Task objective => Check each line of the records below and collect those that include the word "Network".

*** Source material ***

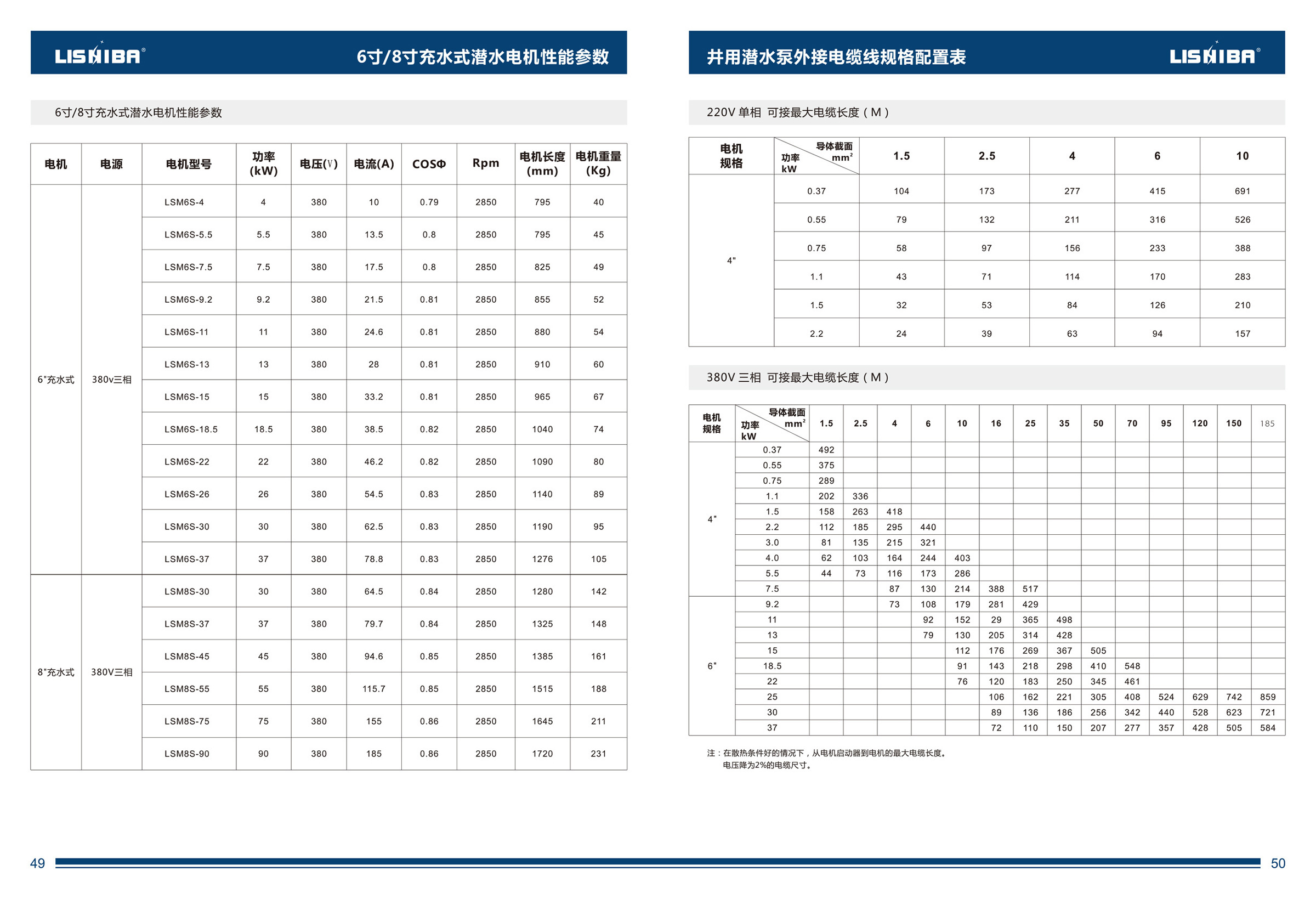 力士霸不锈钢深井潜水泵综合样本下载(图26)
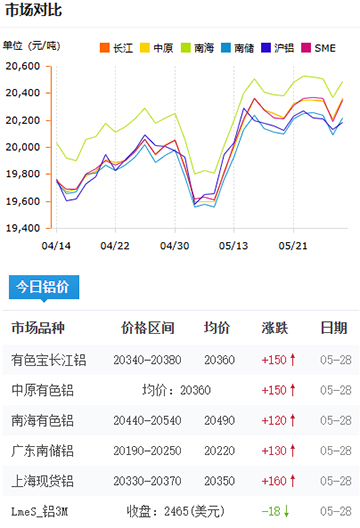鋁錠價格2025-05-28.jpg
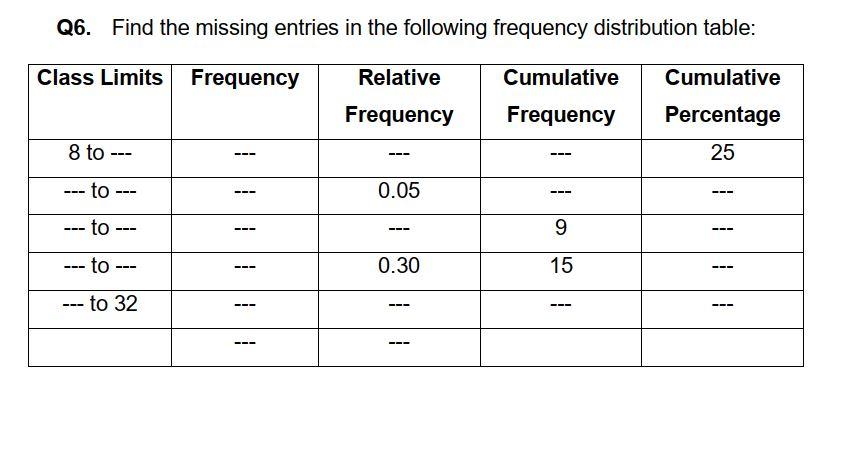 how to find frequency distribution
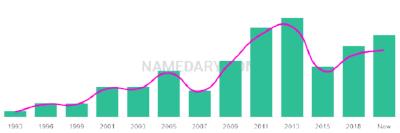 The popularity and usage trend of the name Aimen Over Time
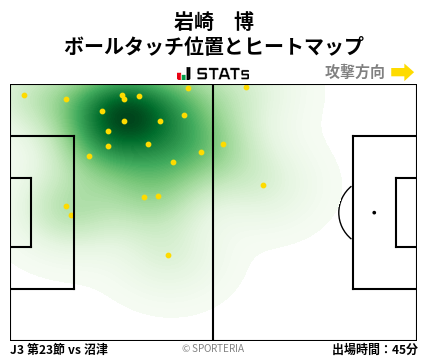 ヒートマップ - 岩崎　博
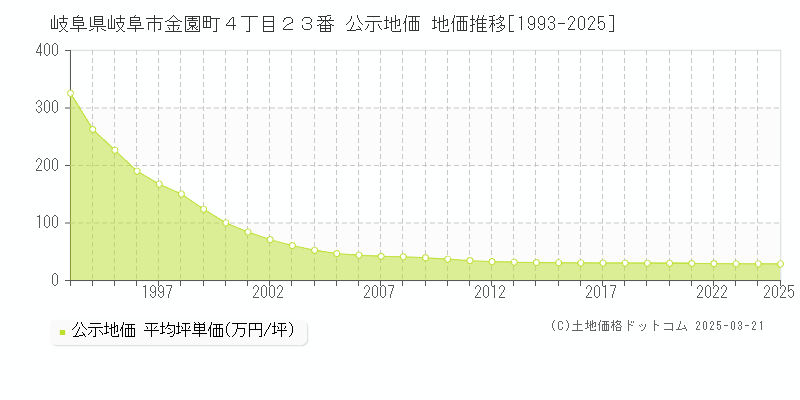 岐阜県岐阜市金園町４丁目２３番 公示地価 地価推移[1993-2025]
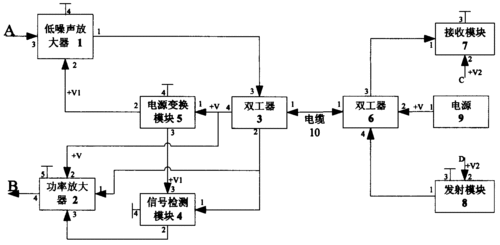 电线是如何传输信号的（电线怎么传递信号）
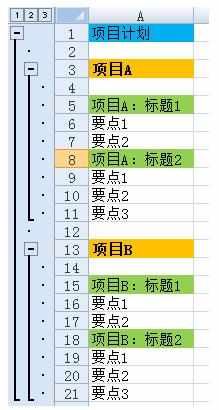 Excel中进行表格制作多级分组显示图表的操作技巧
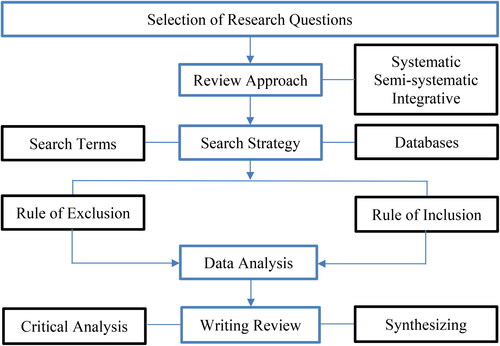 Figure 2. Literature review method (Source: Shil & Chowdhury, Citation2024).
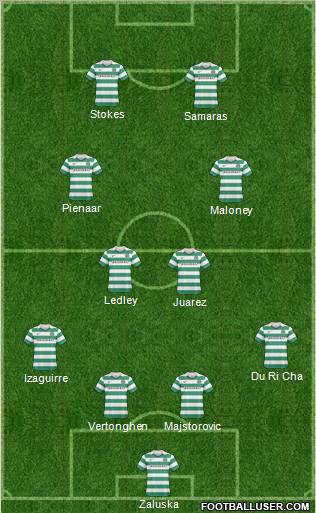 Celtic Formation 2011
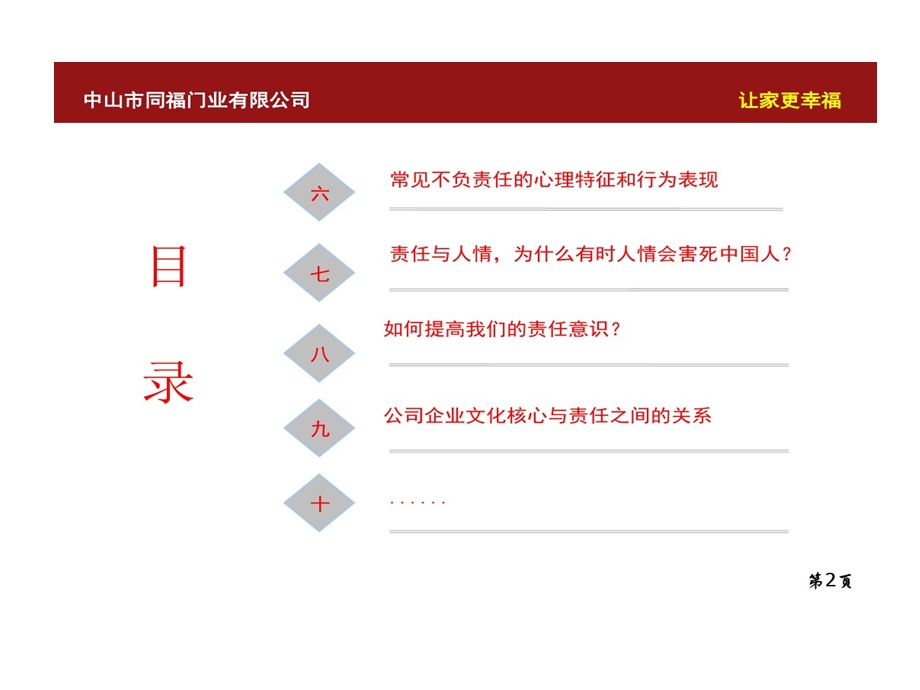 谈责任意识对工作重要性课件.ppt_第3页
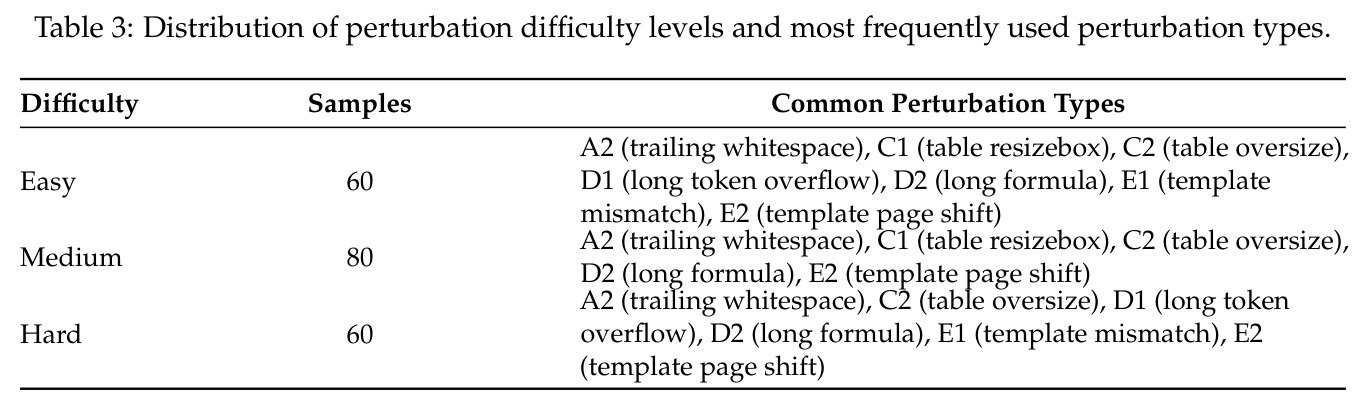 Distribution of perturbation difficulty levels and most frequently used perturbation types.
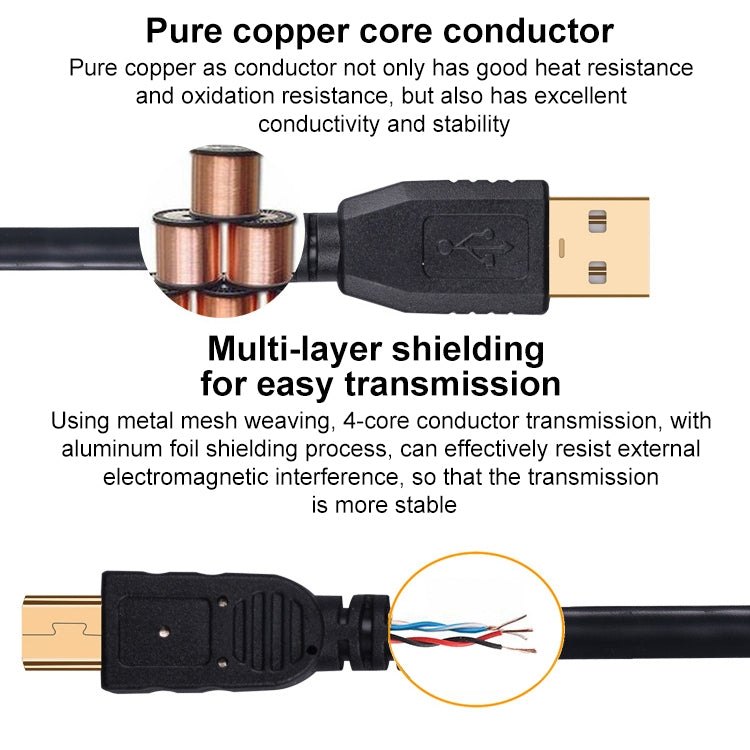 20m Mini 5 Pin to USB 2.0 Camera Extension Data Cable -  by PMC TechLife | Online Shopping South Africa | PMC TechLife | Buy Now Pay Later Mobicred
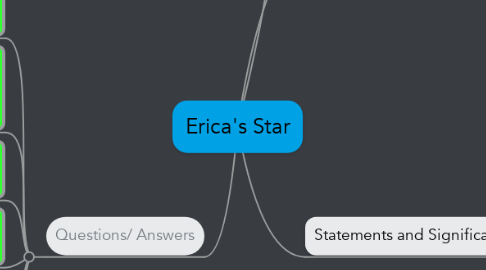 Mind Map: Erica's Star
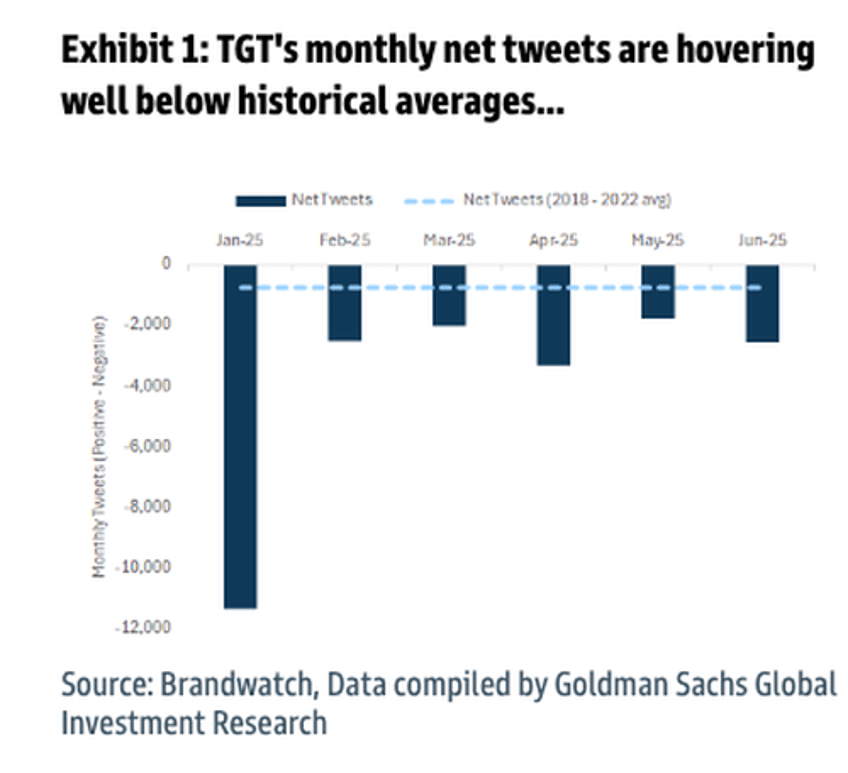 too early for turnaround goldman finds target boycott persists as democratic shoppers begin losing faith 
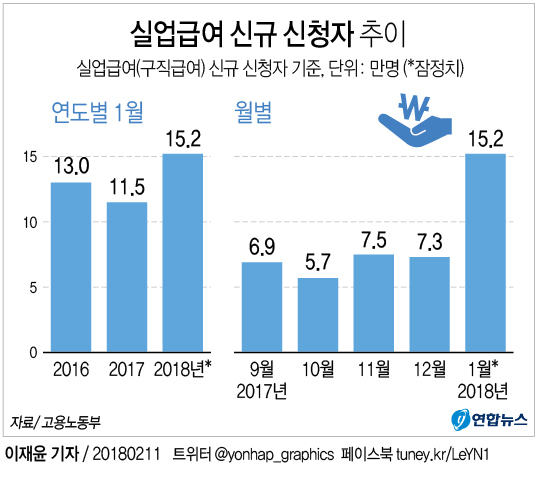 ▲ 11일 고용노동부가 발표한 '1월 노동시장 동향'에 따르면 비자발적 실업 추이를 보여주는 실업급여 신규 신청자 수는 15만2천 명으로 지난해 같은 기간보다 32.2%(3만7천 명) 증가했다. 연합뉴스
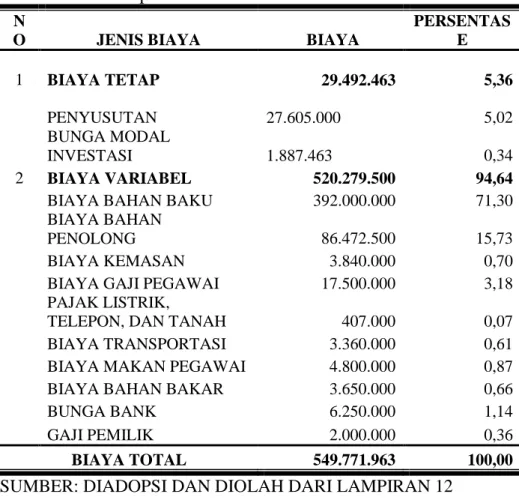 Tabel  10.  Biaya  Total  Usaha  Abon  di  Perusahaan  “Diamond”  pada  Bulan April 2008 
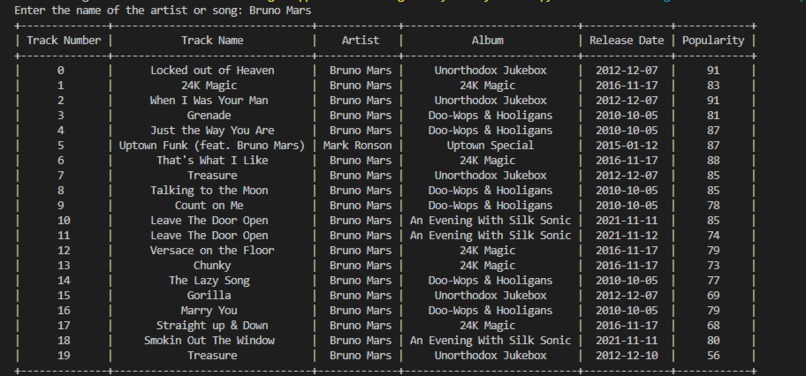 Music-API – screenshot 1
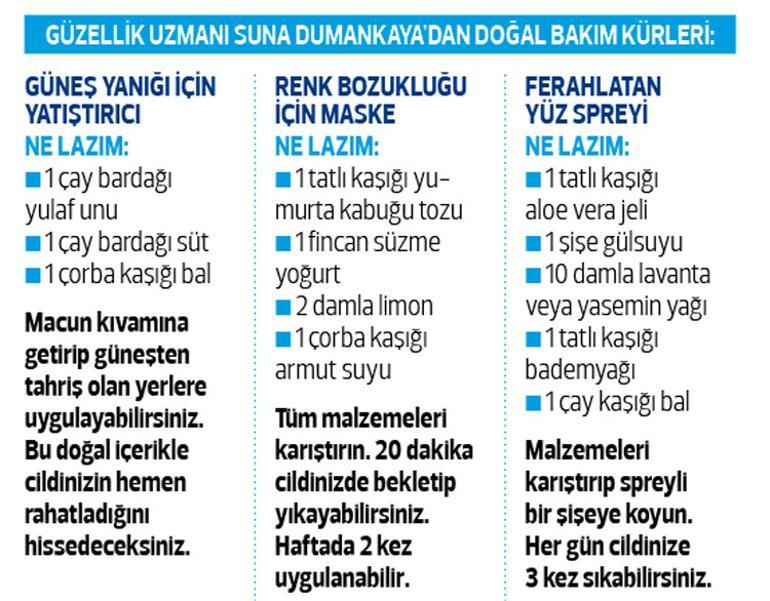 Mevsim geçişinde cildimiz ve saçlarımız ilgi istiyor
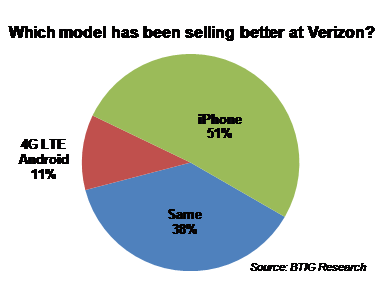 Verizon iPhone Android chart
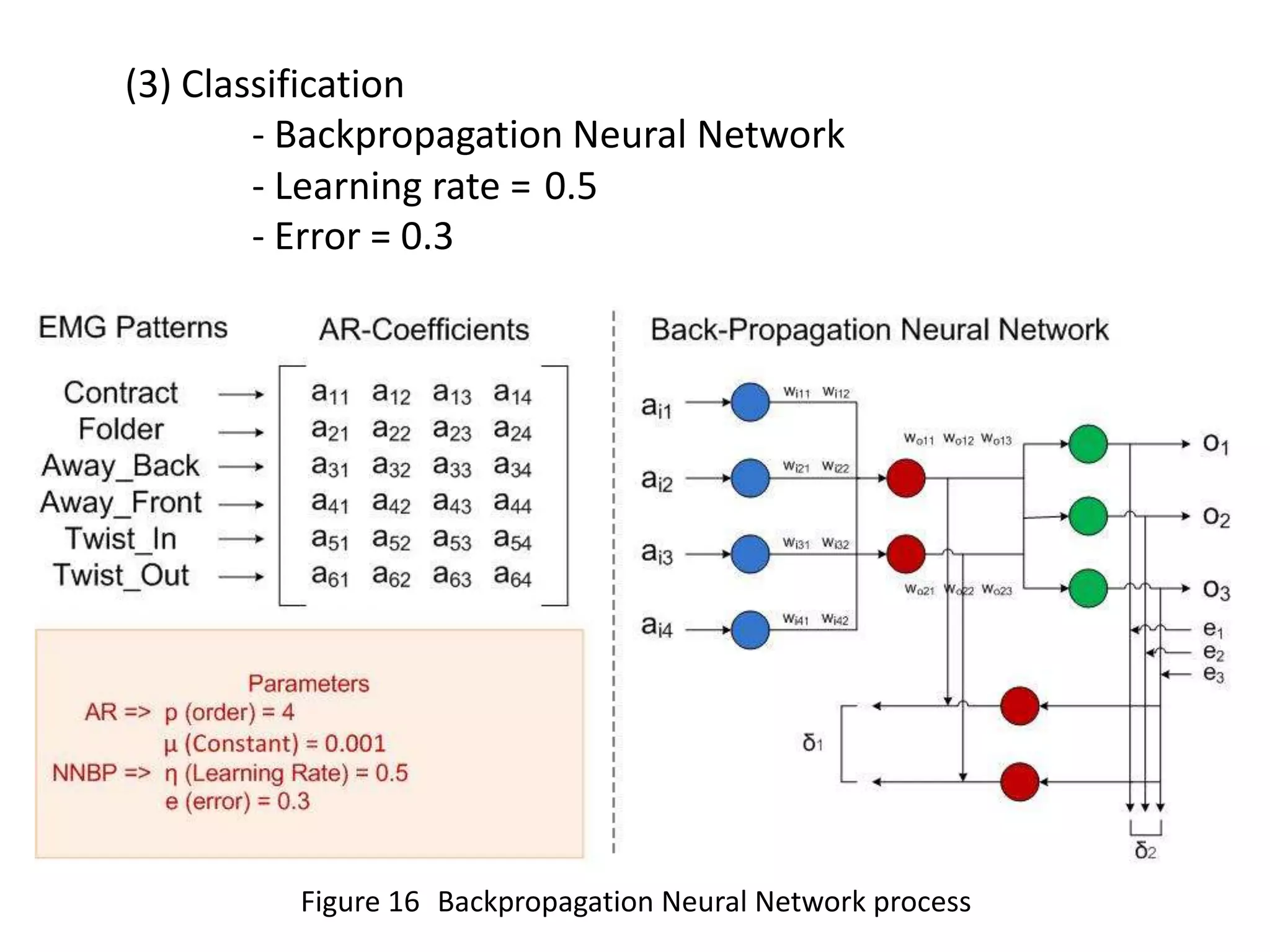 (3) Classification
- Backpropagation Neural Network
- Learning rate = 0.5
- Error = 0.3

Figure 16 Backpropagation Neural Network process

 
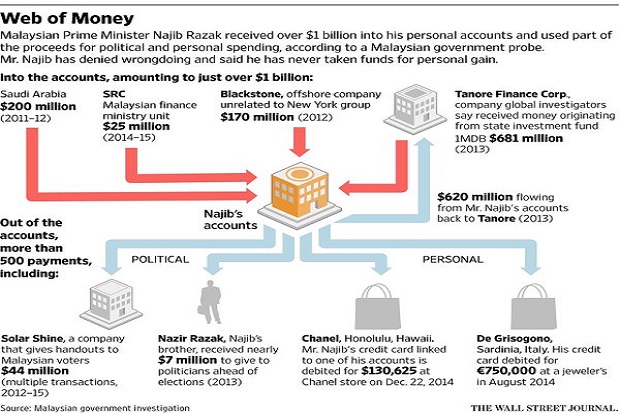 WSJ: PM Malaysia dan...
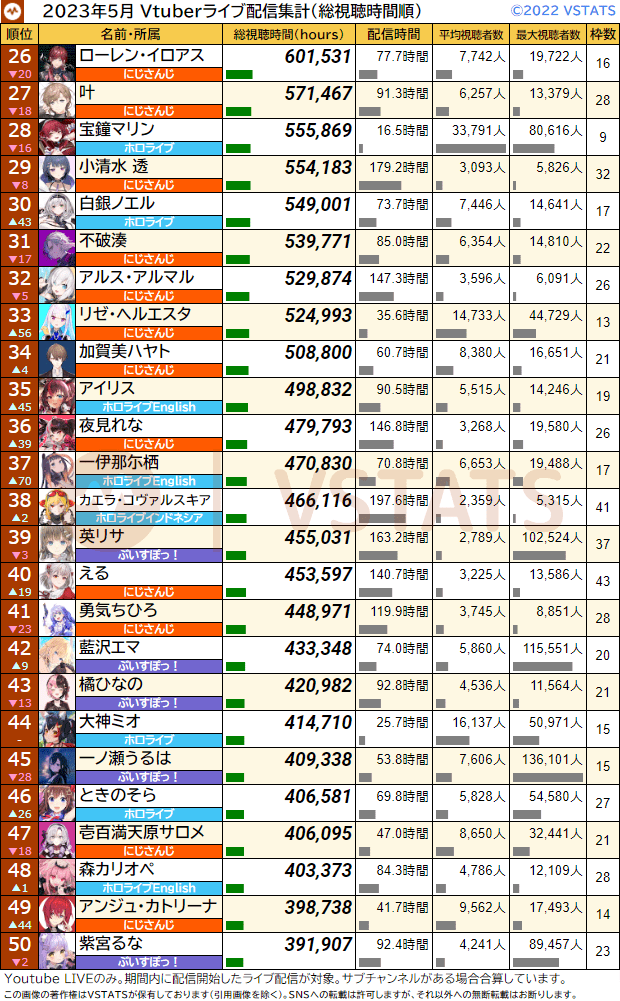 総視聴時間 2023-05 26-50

***

Result for this task =>
- Backpropagation Neural Network
Figure 16 Backpropagation Neural Network process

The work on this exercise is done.